Guilt and shame are both negative social and moral emotions as well as behavioral regulators, yet they differ in their perceived causes and motivations: external sources cause shame which affects ego and self-image, whereas guilt is self-originating and focuses on how others are impacted.

Measures of shame and guilt are useful for understanding individuals' reactions to embarrassing and regrettable situations in psychotherapy and psychopathology.
Some of the most commonly used measures are Harder's Personal Feelings Questionnaire-2 (PFQ-2), introduced in 1990, Self-Conscious Affect and Attribution Inventory (SCAAI), Test of Self-Conscious Affect (TOSCA), and the more recently introduced Guilt and Shame Proneness Scale (GASP).

==Methods==
Measures of guilt and shame are typically a self-report survey that provides examples of feelings of guilt and shame, or scenarios in which a person might experience one of those feelings. The respondents are usually required to indicate, using a numbered scale, the likelihood they would experience each emotional response. In some cases responses are instead multiple choice.

These methods do not require the respondent to formulate or give definitions guilt or shame, and prevent discrepancies that might arise from individual's varied definitions. Differences in the classifications of guilt and shame can and do occur across different measures, however, and can be seen when multiple measures give slightly differing results for the same subject.

==Measures==

===Guilt and Shame Proneness Scale===
The GASP is a relatively new measure of guilt and shame developed by Taya R. Cohen that takes a different approach to the classifications of these emotions. The self-report test assesses guilt-proneness and shame-proneness rather than just the presence of the feelings.

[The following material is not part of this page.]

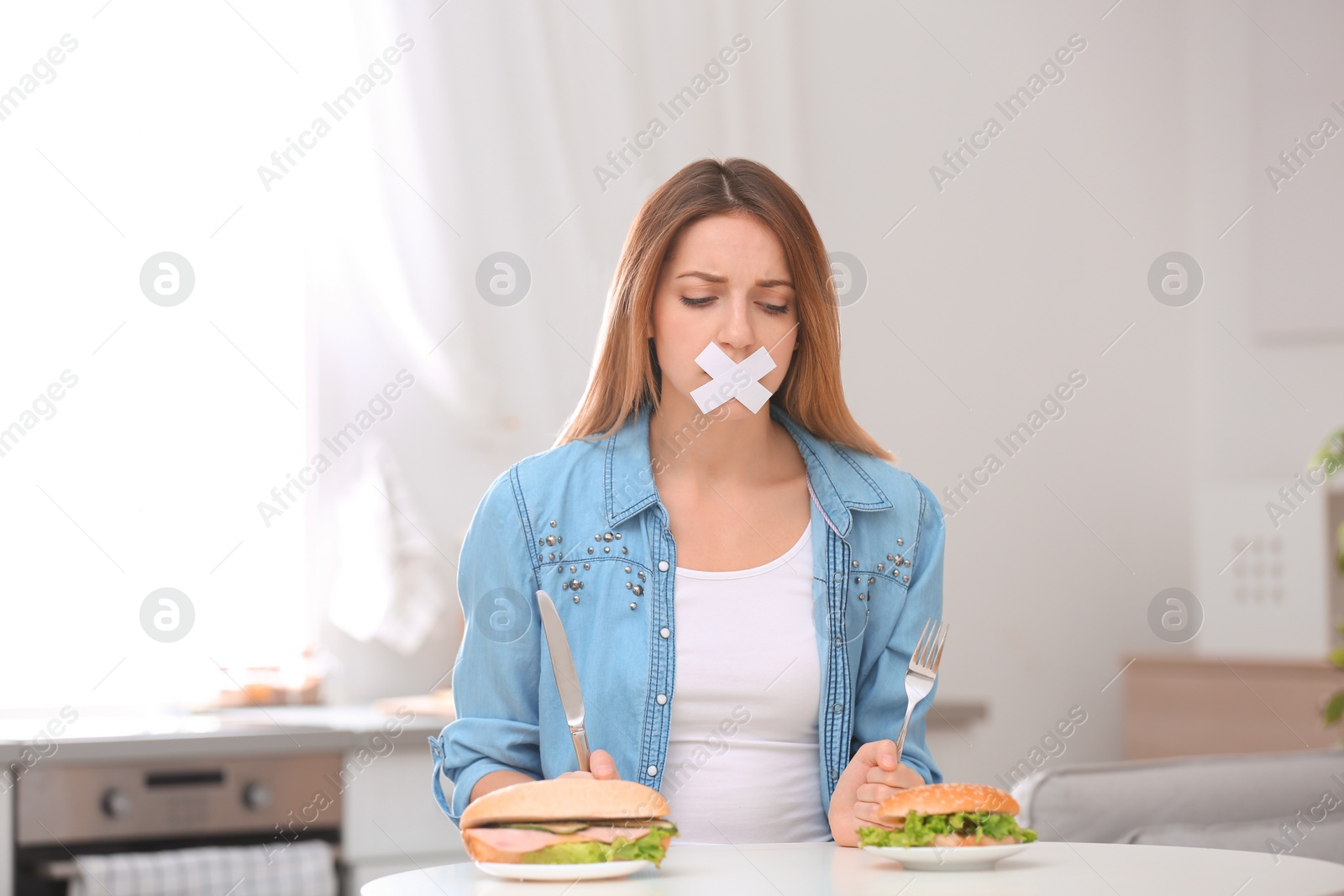 Photo of Sad young woman with taped mouth and burgers at table in kitchen. Healthy diet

The test is unique for its subclassifications of guilt and shame into: guilt-negative-behavior-evaluation (NBE), guilt-repair, shame-negative-self-evaluation (NSE), and shame-withdraw.
There are 16 items on the questionnaire, four for each sub classification. Each item is a short description of an everyday embarrassing scenario or transgression; the respondent is asked to imagine they are in that situation and then indicate how likely it is that their experience would match the described through a 1–7 scale, "1" meaning "very unlikely" and "7" meaning "very likely". The scenarios are varied to include workplace failures, petty crime, social faux pas, among others.
Research conducted using the GASP showed that it could reliably measure guilt-proneness and shame-proneness, and that guilt proneness was correlated to healthy prosocial behaviors, while shame was correlated with more unhealthy antisocial behavior.

The GASP has an advantage over existing measures of guilt and shame for its ability to test for different types of guilt and shame, especially the ability to distinguish NSE from withdrawal in shame, where there is commonly uncertainty in tests such as the TOSCA. This test is potentially useful in predicting undesirable behavior in individuals by evaluating their dispositions towards the sub types of reactions rather than just their tendency toward either feeling guilt or shame.

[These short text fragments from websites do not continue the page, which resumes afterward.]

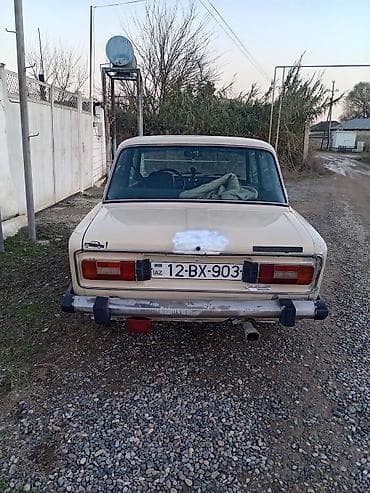 VAZ 2106 sedan Xüsusiyyətlər: - Kuzov: 4 qapılı sedan, bej rəng -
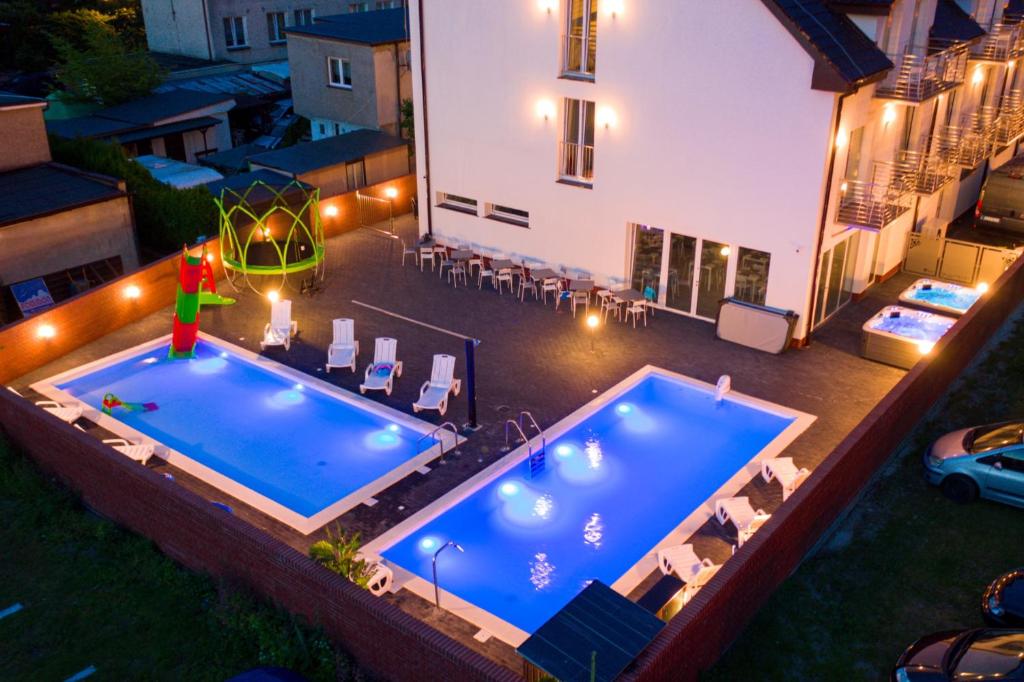 Noclegi Pobierowo | Pod Winogronem Apartamenty z basenem i wyżywieniem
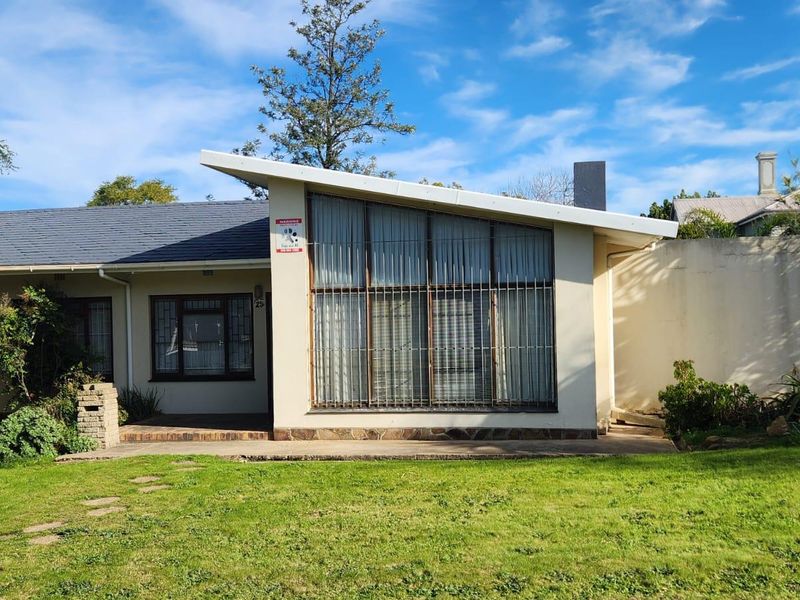 Front elevation of a house featuring a distinctive skillion roofline, large windows with security bars, and a paved patio area set within a garden.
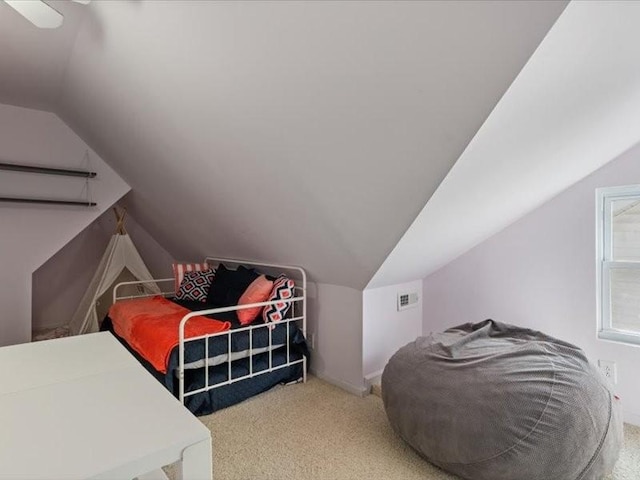 bedroom featuring lofted ceiling, carpet, and a ceiling fan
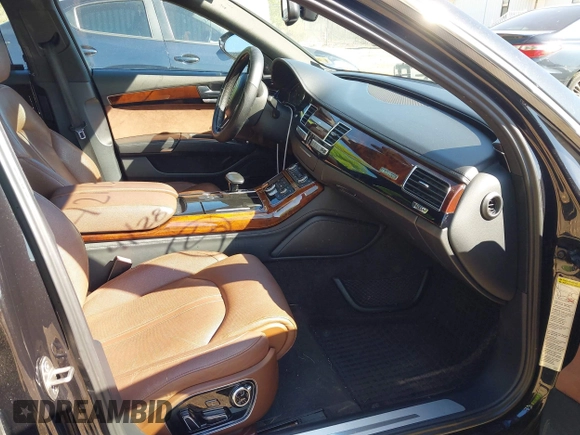2013 Audi A8 3.0L with VIN WAURGAFD0DN005532, listed as a IAAI auction lot 42113540 with 176,635 mi miles and . Bid and sale history available at DreamBid. Image 5.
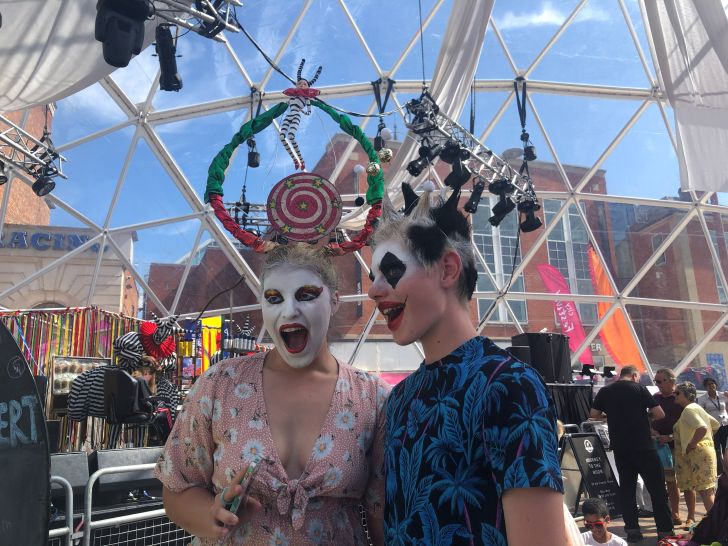 Two young women wearing black and white face paint and extravagant, colourful hairstyles with ornaments hanging from their hair.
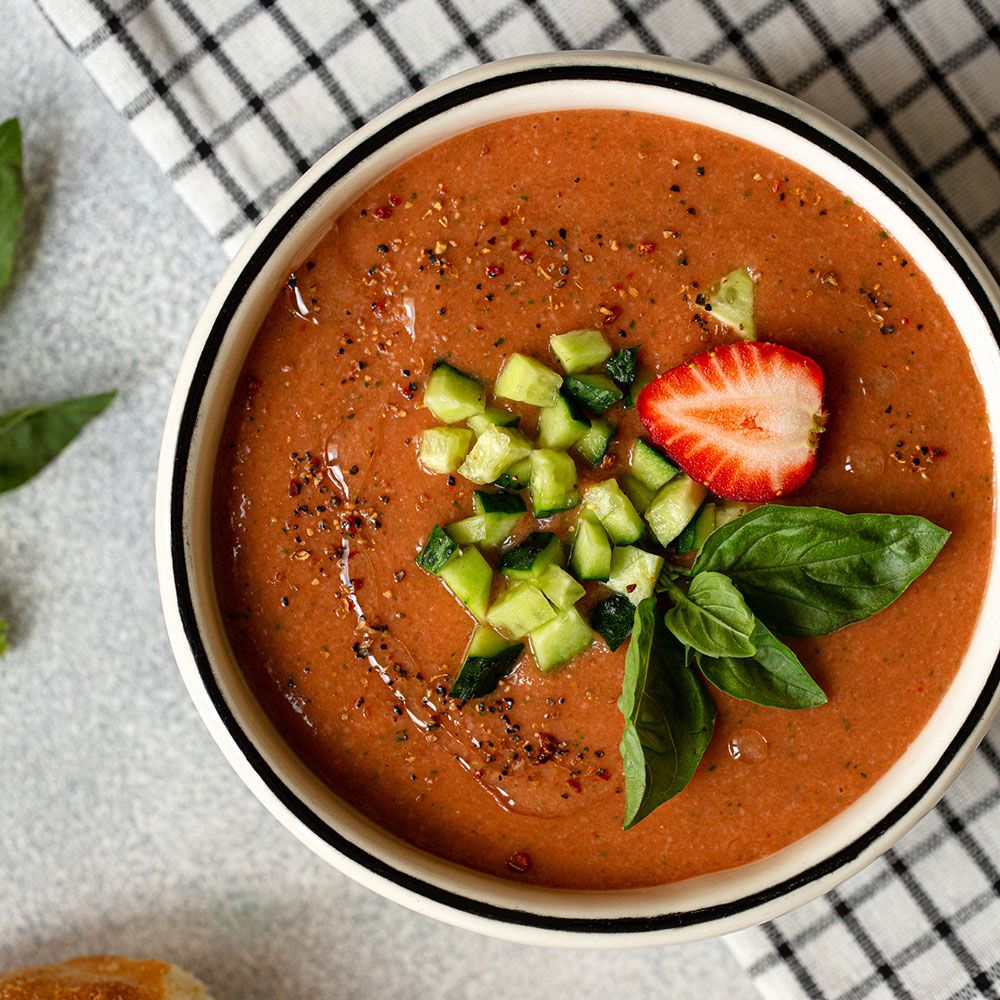 Rote Suppe in einer Schüssel. Gurkenwürfel, Erdbeerscheibe und Basilikumblätter als Garnitur.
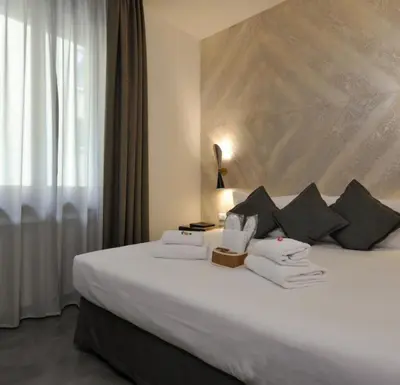 Letto o letti in una camera di Hotel Lungarno Vespucci 50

===Personal Feelings Questionnaire-2===
An expanded version of D. W. Harder's original PFQ developed in 1987, the PFQ-2 is a self-response questionnaire consisting of adjectives and statements that describe either shame or guilt. The adjectives and statements are ranked on a 5-point scale, a "0" response meaning the individual does not experience the emotion and a "4" meaning that they experience it very strongly.

The questionnaire has been used to show correlations between guilt and shame, attachment styles, and the "Big Five" personality traits: Neuroticism, Extraversion, Openness to experience, Agreeableness and Conscientiousness. The measure was used in conjunction with other self-report measures of personality and attachment in research which concluded that guilt and shame have significant correlations to "broad, enduring personality constructs".

===Self-Conscious Affect and Attribution Inventory===
Presented in 1990, the SCAAI was developed specifically for young adult populations, offering scenarios that college-age individuals might typically encounter and providing four possible responses to each scenario. The responses correlate to guilt, shame, externalization of blame, and detachment. The measure was one of the first to use scenario-based responses, as opposed to the more commonly used adjective response styles.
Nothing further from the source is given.